_WHAT TO PRODUCE_
The answer is the line containing "[主图-4] 使用场景与适用人群展示，体现眼脸清洁湿巾的日常使… - 图片创意预览" plus every line after it to the end of the material, retyped exactly and without the pictures.

_GIVEN DATA_
Start of Block

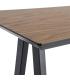 MESA ALTA NEGRO-NATURAL DM-METAL MUEBLES 138 X 50 X 100 CM
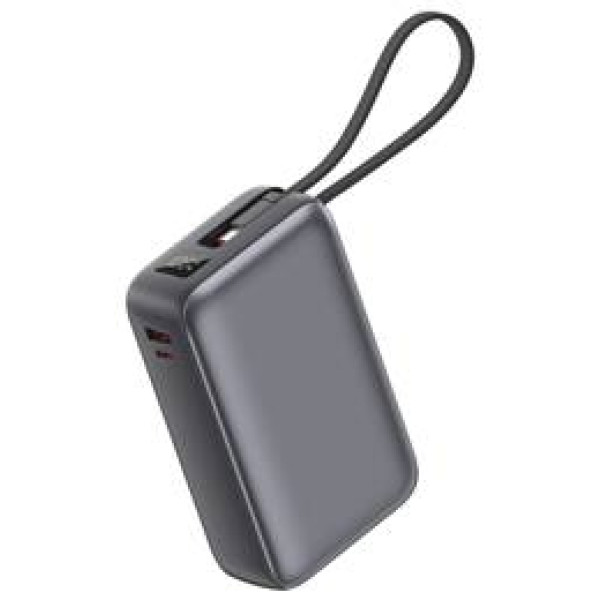 Фото - Батарея мобильная Xipin T191LP 30000mAh PD65W Built-In USB-C Cable Gray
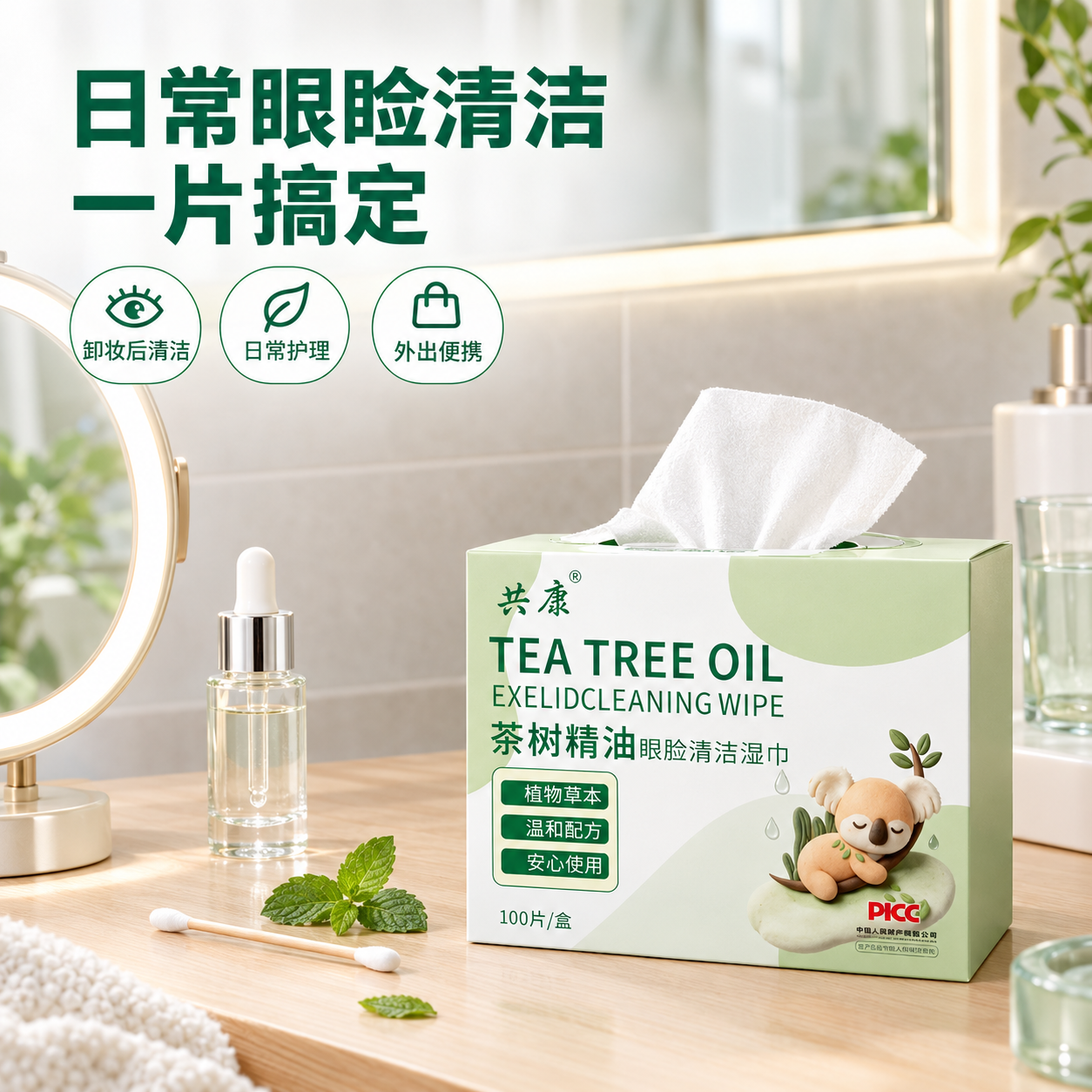 [主图-4] 使用场景与适用人群展示，体现眼脸清洁湿巾的日常使… - 图片创意预览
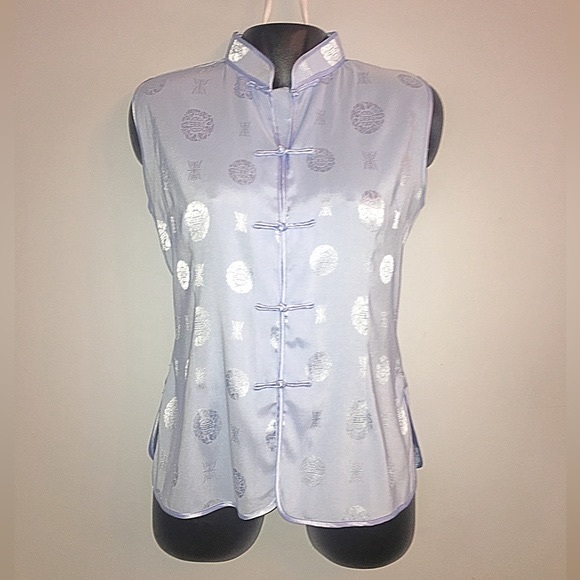 Silk Chinese Tea Time Top - Picture 7 of 7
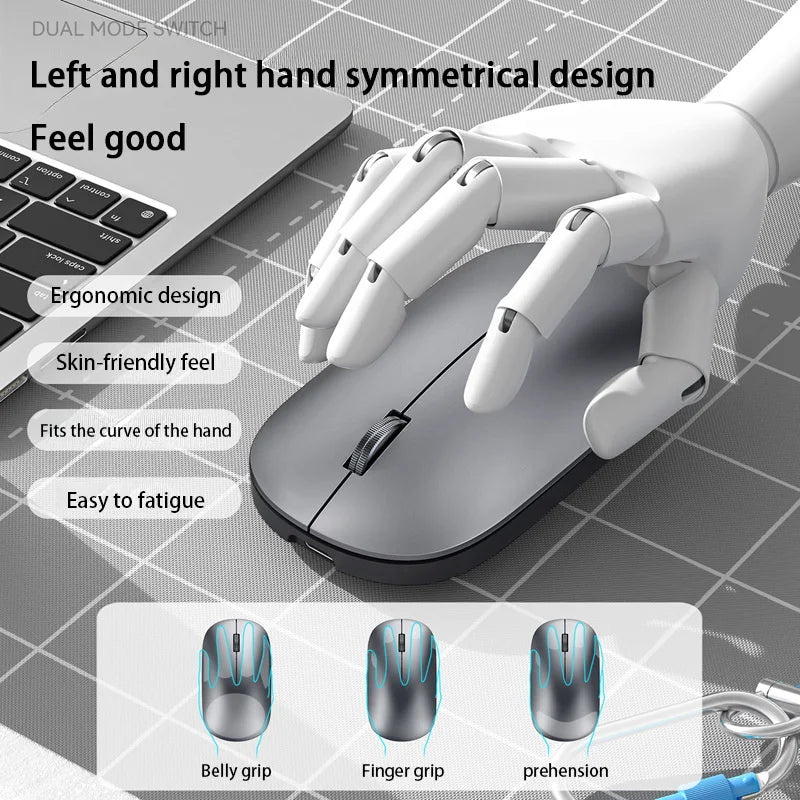 Xiaomi Bluetooth Wireless Mouse Dual Mode DPI Adjustable 2.4G Type - C - AURA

End of Block

_SOLUTION FOR THIS TASK_
 [主图-4] 使用场景与适用人群展示，体现眼脸清洁湿巾的日常使… - 图片创意预览
 Silk Chinese Tea Time Top - Picture 7 of 7
 Xiaomi Bluetooth Wireless Mouse Dual Mode DPI Adjustable 2.4G Type - C - AURA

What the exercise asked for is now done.